The restore is what produces the value. Backups without restores are wasted storage.
Schedule
The backup schedule matches recovery requirements. Daily is standard; some teams need more frequent; some less. The retention policy keeps the backups available for the recovery windows the team needs.
- Daily backups.: Daily is the typical schedule. The recovery window is "last 24 hours"; data losses larger than 24 hours are addressable through backups.
- 30-day retention.: The default retention is 30 days. Most recovery scenarios are within 30 days; the retention policy keeps the backup available.
- Adequate for most needs.: The daily-with-30-day pattern fits most teams. Specific use cases (compliance retention, DR drills) might warrant adjustment.

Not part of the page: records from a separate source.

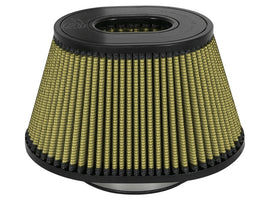 aFe MagnumFLOW IAF PG7 Performance Air Filter with Pro GUARD 7 Media - 5-1/2 Inch by 7x10 Inch, Inverted Design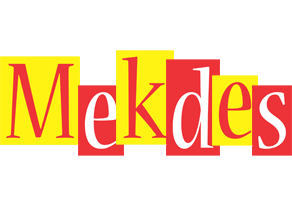 Mekdes errors logo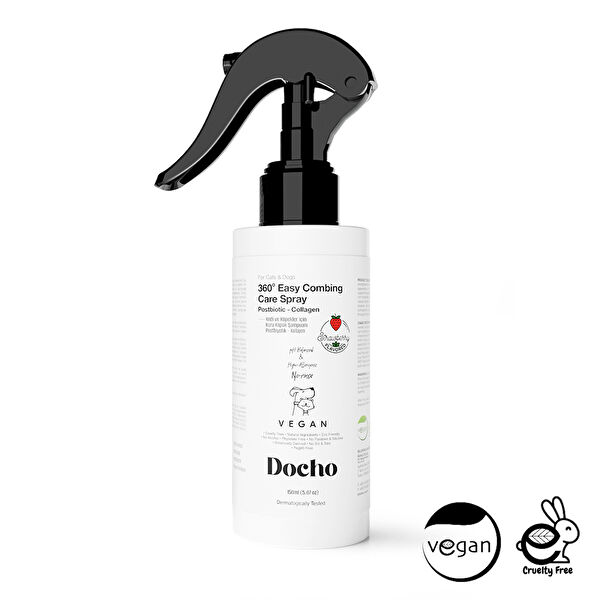 Docho Köpek Sağlık & Bakım Malzemeleri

- Tiered retention possible.: Daily backups for 30 days; weekly for 90; monthly for a year. The tiered retention provides flexibility without unbounded storage cost.
- Track backup health.: Each backup's success is tracked. Failed backups are alerted; the team's backup capability is verified continuously rather than discovered during recovery.
Velero backup is one of those Kubernetes operational disciplines that pays off in disaster recovery scenarios. Nova AI Ops integrates with Velero and similar backup tools, surfaces backup health and restore-test results, and produces the per-cluster recovery readiness view that the platform team uses.